Project Goal: The goal of this term project is for you to use all of the skills you have  
developed in the IST387/687 labs/homework’s to make sense of a novel dataset, to  
perform some essential analyses on the dataset, and to explain/document what you  
have done. The dataset contains summaries of air travel within the U.S, one row per  
customer, per trip.  
Accessing Your Data File: The data will be available to you. The  file contains about  
32 columns/variables. Each row represents one customer’s airplane trip from an  
origin to a destination.  
Recommended Project Phases  
Data Pre-processing  / Data Preparation Phase  
• Phase 1: Mitigate Missing Data. There are several columns in the dataset that may contain  
missing data. Write code that examines each column to see if it contains missing data. To  
mitigate missing data, use mean substitution for numeric variables. Use comments in your  
code to document how many missing data values you had to repair.   
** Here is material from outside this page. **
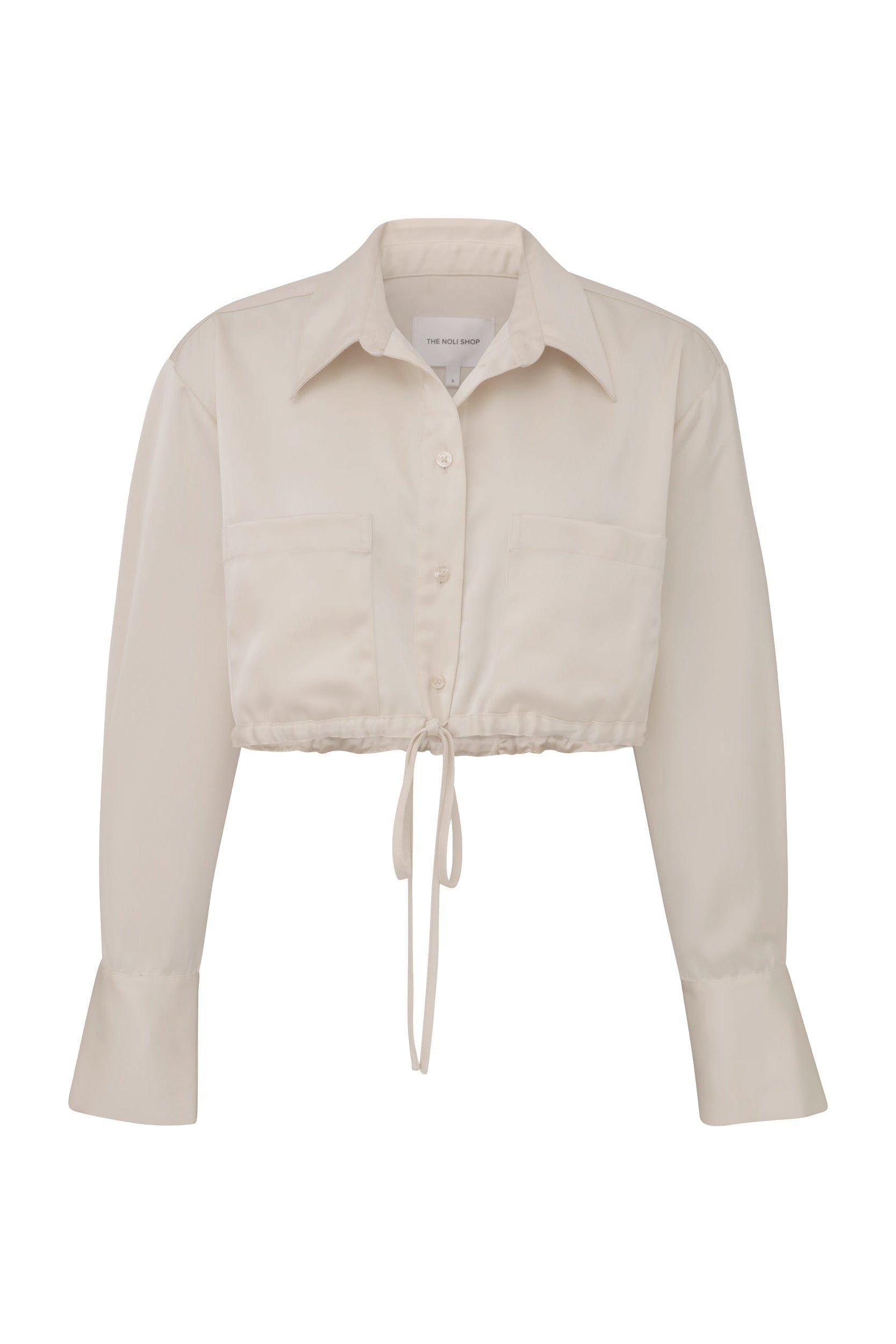 Introducing the Milan Satin Button Up in Pearl: an off-white, long-sleeve cropped blouse featuring a button-down front and two chest pockets with cargo detailing. This satin design includes a pointed collar, wide cuffs, and a tie-waist for an adjustable fit.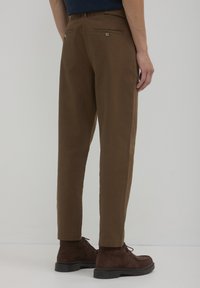 Chinos marroni con un design a gamba dritta, dotati di tasche posteriori con chiusura a bottone, abbinati a stivali in suede marrone scuro.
• Phase 2: Summarize variables. For each numeric variable, create a histogram. Add a  
comment that describes the shape of the histogram as symmetric, positively skewed (long  
right tail), or negatively skewed (long left tail). For each factor variable (e.g., Gender), use  
the table() command to summarize how many observations are in each category.   
Exploratory Analysis Phase    
• Phase 3: Predictive Modeling . Many columns contain data relating to the characteristics of  
each customer’s trip. Using the modeling techniques, we learned in the class (Liner  
Modeling, Assoc Rules, SVM), develop 3-5 different predictive models that analyze the  
data.  
• Phase 4: Map Low Satisfaction Routes. Subset your data to create a smaller data set  
containing only the trips where customers reported the lowest levels of satisfaction. The  
latitude and longitude of each origin and destination is shown in the data set. Use ggplot to  
place route curves onto an outline map of the U.S. states. The geom_curve() geometry  
supports this kind of plotting.   
Business Recommendations Development Phase  
•  Phase 5: Make Sense of Low Satisfaction Segments. The client wants to know why  
customers become dissatisfied with their air travel. Use insights from Phase 3 and Phase 4  
to explain why certain trips have low satisfaction. Conduct any appropriate follow-up  
analyses to provide evidence for your ideas. Make sure to document any additional code  
with appropriate comments.   
• Phase 6: Develop Marketing Plan. Identify three interesting Market Segments. Define the  
demographic characteristics associated with each Market Segment. Finally recommend  
three ideas you for each segment that you believe would increase the NPS for the segment.          
Your presentation should provide the client (presumably the Executive/leaders of the  
airline) with an explanation of your results in language that is suitable for an  
Executive to understand. Your report should contain the data and visualizations that  
support insights and recommendations you are trying to communicate to the client.